Here's an example of a sequence, mentioned by Sam in the comments, of a sequence that converges pointwise nowhere on $[0,1]$ but $\int_{[0,1]} f_n\rightarrow 0$:
Let
$\ \ f_1=\chi_{[0,1]}$, $f_2=\chi_{[0,{1\over2}]}$, $f_3=\chi_{[{1\over2},1]}$, $f_4=\chi_{[0,{1\over4}]}$, $f_5=\chi_{[{1\over4},{2\over4}]}$, $f_6=\chi_{[{2\over4},{3\over4}]}$, $f_7=\chi_{[{3\over4},1]}$, $\ldots$.
Here $\chi_A$ is the function whose value is 1 on the set $A$ and $0$ on the set $A^C$.
First, for the "almost-everywhere" MCT:
Suppose that $f_n,\ f:X\rightarrow\mathbb{R}$ are such that $f_n\nearrow f$ a.e., where $(X,\mathcal{A},\mu)$ is a measure space.
This means that there is a measureable set $E\subseteq X$ such that $\mu(E)=0$, and we have that $f_n(x)\nearrow f(x)$ for all $x\in X\setminus E$.

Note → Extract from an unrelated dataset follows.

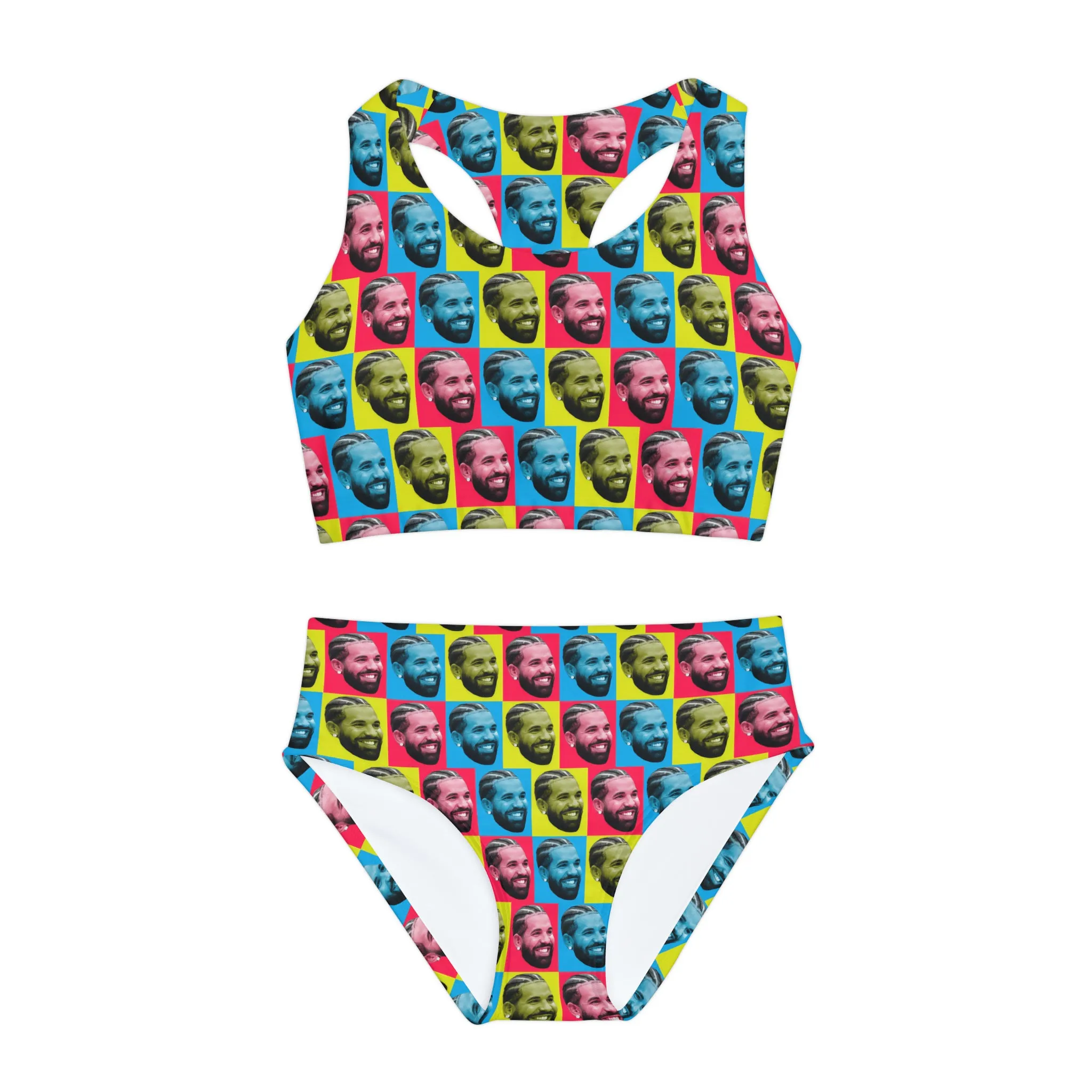 Drake Colored Checker Faces Girls Two Piece Swimsuit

If we define new functions $g_n,g:X\rightarrow\mathbb{R}$ by
$$
g_n(x)=\begin{cases}f_n(x) & \text{if }x\notin E\\0 & \text{if }x\in E\end{cases},\qquad g(x)=\begin{cases}f(x) & \text{if }x\notin E\\0 & \text{if }x\in E\end{cases}.
$$
Why should we care about these functions? You can prove:
- $\int g_n\,d\mu=\int f_n\,d\mu$ for all $n$, since these functions differ on a set of measure $0$; similarly, $\int g\,d\mu=\int f\,d\mu$.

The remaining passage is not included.